Pechino si trova quindi in una posizione di forza?
«La Cina è detestata in tutto il mondo perché ha l’arroganza tipica di una potenza imperiale. Non è amata in Asia da Paesi come la Malesia, le Filippine o l’India, ma nemmeno in America Latina. Nonostante la sua potenza, quindi, ci sono dei punti su cui far leva nelle negoziazioni come questi».

Con la Russia, però, la Cina sembra aver creato un’importante intesa.
«I cinesi hanno un’affinità solamente con loro stessi. Storicamente Pechino e Mosca intrattengono relazioni difficili. Si sono scontrati più volte in passato, come nel 1969 con il conflitto di frontiera sino-sovietico o nel 1860, quando i russi si appropriarono di milioni di ettari di territorio cinese. Al momento hanno interesse nel fornire armi ai russi in chiave antioccidentale e, soprattutto, antiamericana. Gli Stati Uniti sono il loro vero nemico. L’Europa è considerata più come una spina nel piede perché è troppo debole per essere vista come un’avversaria».
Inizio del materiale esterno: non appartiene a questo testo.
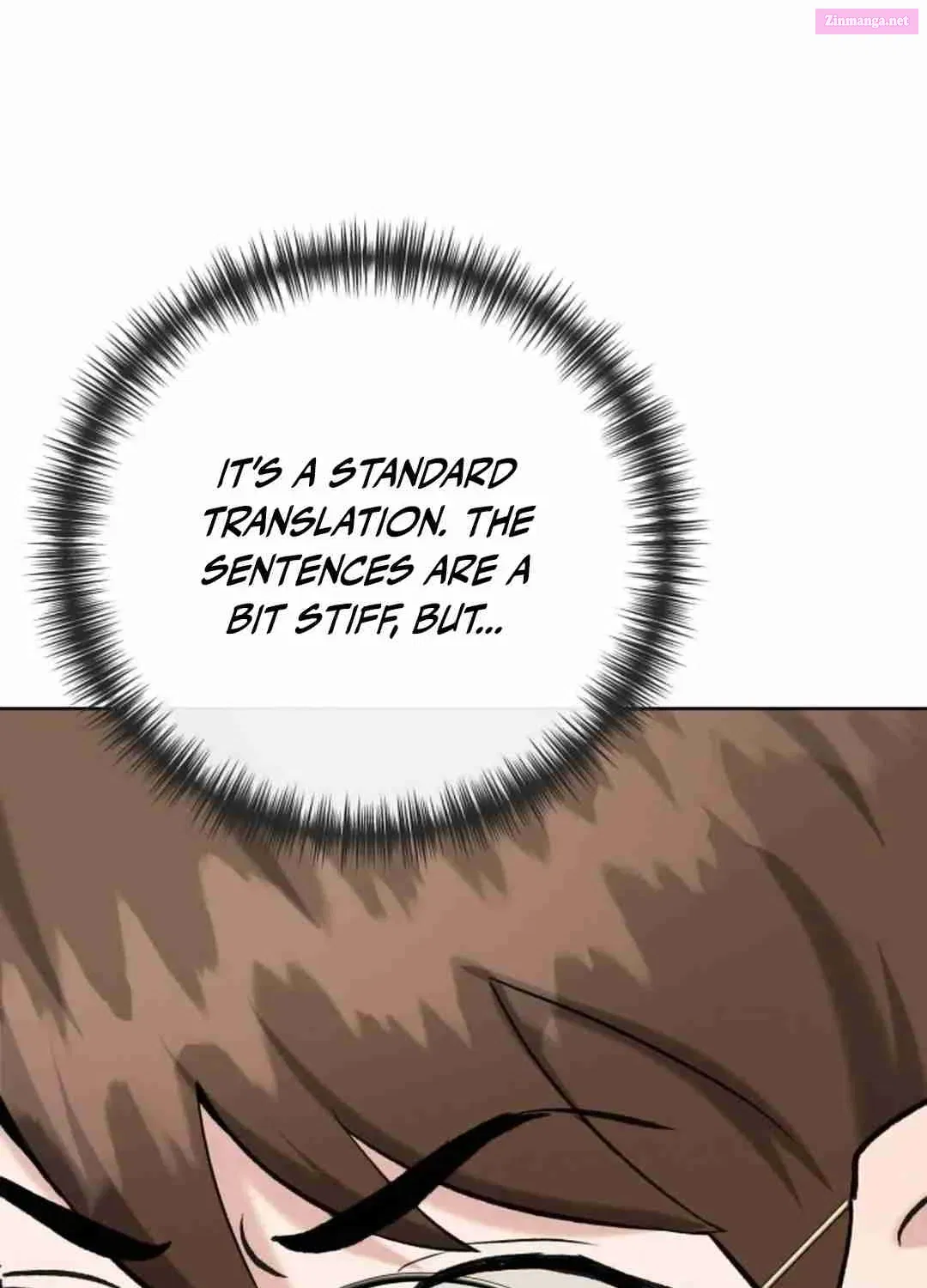 Professor Zinmanga X Chapter 5 Page 100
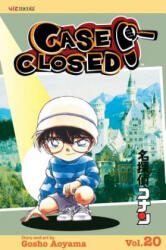Case Closed, Vol. 20 - Gosho Aoyama (ISBN: 9781421508856)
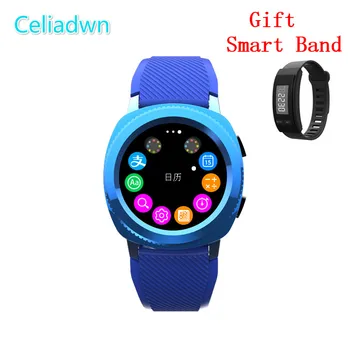 Celiadwn L2 Smart Watch MTK2502 Smartwatch IP68 Swim Waterproof Bluetooth Calling Heart Rate Sleep Monitor For iOS Android Phone
Celiadwn L2 Smart Watch MTK2502 Smartwatch IP68 Swim Waterproof Bluetooth Calling Heart Rate Sleep Monitor For iOS Android Phone
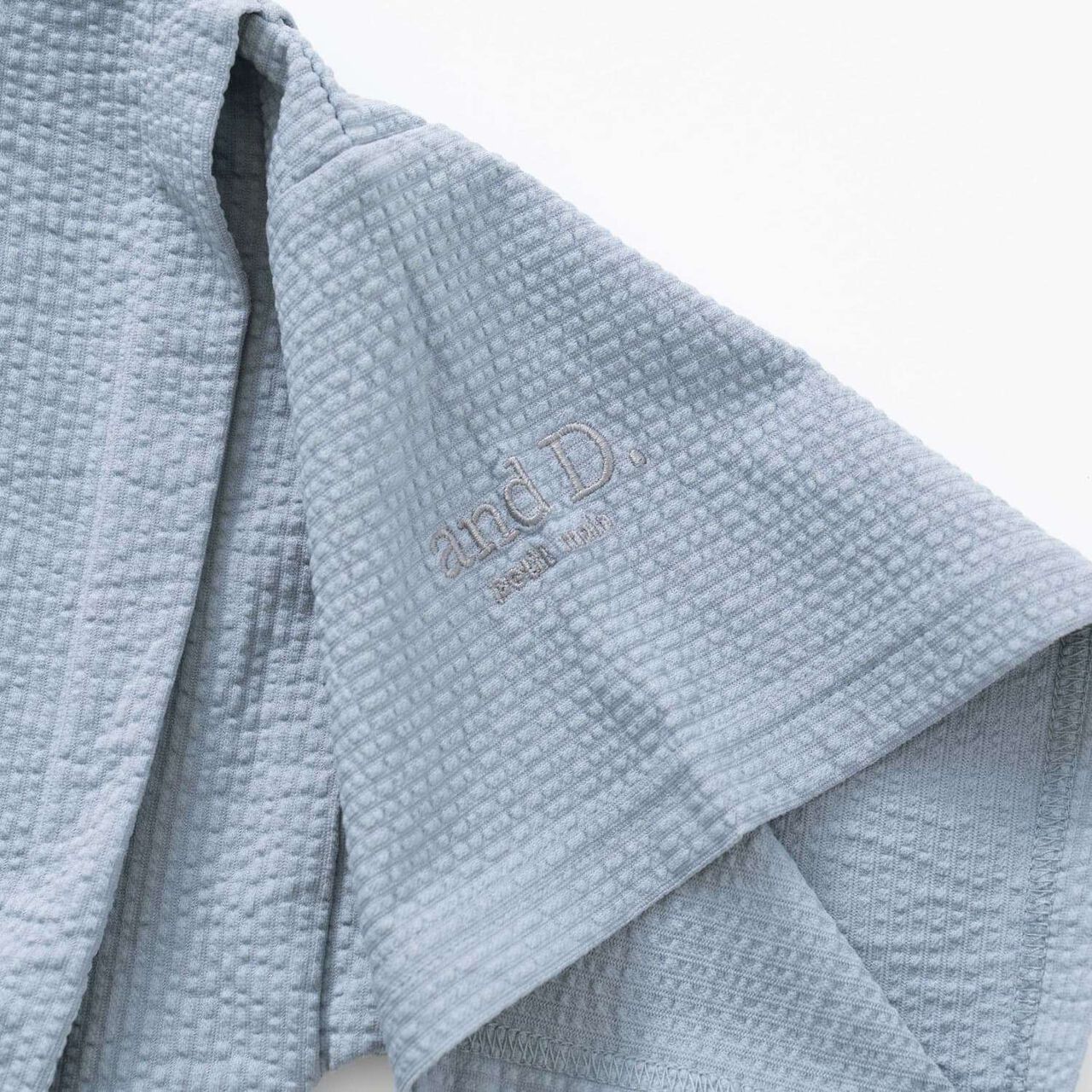 Easy Breezy Jinbei,Sax blue, large image number 13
Intanto Macron continua ad affermare che l’invio di truppe al fronte non può essere escluso.
«Il presidente ha detto chiaramente di voler mantenere una “ambiguità strategica”: parla senza dire chiaramente quello che farà. È un modo per intimidire i russi. L’invio di truppe avrebbe senso solo se fossero soldati della Nato, ma al momento non c’è un accordo tra i Paesi alleati. La proposta di Macron assumerà efficacia solo quando diventerà verosimile, e al momento non lo è. In ogni modo, la Nato si sarebbe dovuta impegnare molto prima per fermare l’orrore russo. Ci svegliamo sempre un po’ troppo tardi».

Sta di fatto che il presidente francese con le sue uscite sta seminando incomprensione tra i partner.
«Neanche in Francia sono sicuro che sia seguito e capito quando parla di questo dossier. Si fatica a comprendere l’oscillazione del suo pensiero: prima diceva che la Nato è in stato di “morte cerebrale”, mentre oggi sembra considerare l’Alleanza atlantica rivitalizzata. Recentemente ha anche dichiarato che l’Europa può morire. Macron vorrebbe prendere la guida di un’Europa dotata di una propria difesa strategica».

E in Francia quali sono le reazioni all’atteggiamento dell’inquilino dell’Eliseo nel dossier ucraino?
«Nel Paese c’è un forte antiamericanismo e le posizioni guerrafondaie di Macron non sono ben viste. I francesi, come tutti i popoli, vogliono la pace. Per questo un impegno francese in Ucraina non sarebbe accolto positivamente. Il presidente appare disconnesso dai suoi connazionali».

Nel suo ultimo libro parla di una nuova tendenza presente nella società contemporanea, in base alla quale la figura dell’eroe viene sostituita da quella della vittima. È possibile instaurare un parallelo con l’Ucraina, che cerca di difendersi dall’aggressione russa?
«Sì perché gli ucraini si battono in modo eroico per la loro libertà, mentre qui in Francia i giovani manifestano per avere la pensione a 60 anni. Ma il conflitto va avanti e l’opinione pubblica comincia a stancarsi di questa guerra e di conseguenza c’è un calo della solidarietà per Kiev. La crisi israelo-palestinese, poi, sta distogliendo l’attenzione. Una parte degli studenti nei campus Usa preferisce esprimere il suo sostegno alla popolazione di Gaza che a quella ucraina».

Cosa è cambiato?
«L’Europa non è aggressiva, è un continente che preferisce chiudersi nell’odio verso sé stesso, nell’autoflagellazione. Già negli Anni 20 lo scrittore francese Louis Aragon diceva che “il mondo occidentale è condannato a morte”. Oggi ci si chiude nel vittimismo».

Russia e Cina potrebbero approfittare di questo atteggiamento occidentale?
«Certo! Conoscono molto bene le nostre debolezze, ma anche loro ne hanno e tendono a vittimizzarsi. Vladimir Putin sostiene che gli ucraini sono dei nazisti e i russi sono dei resistenti. I cinesi, invece, affermano di lottare contro le ex potenze coloniali che hanno saccheggiato il loro Paese. Vincerà il più resistente».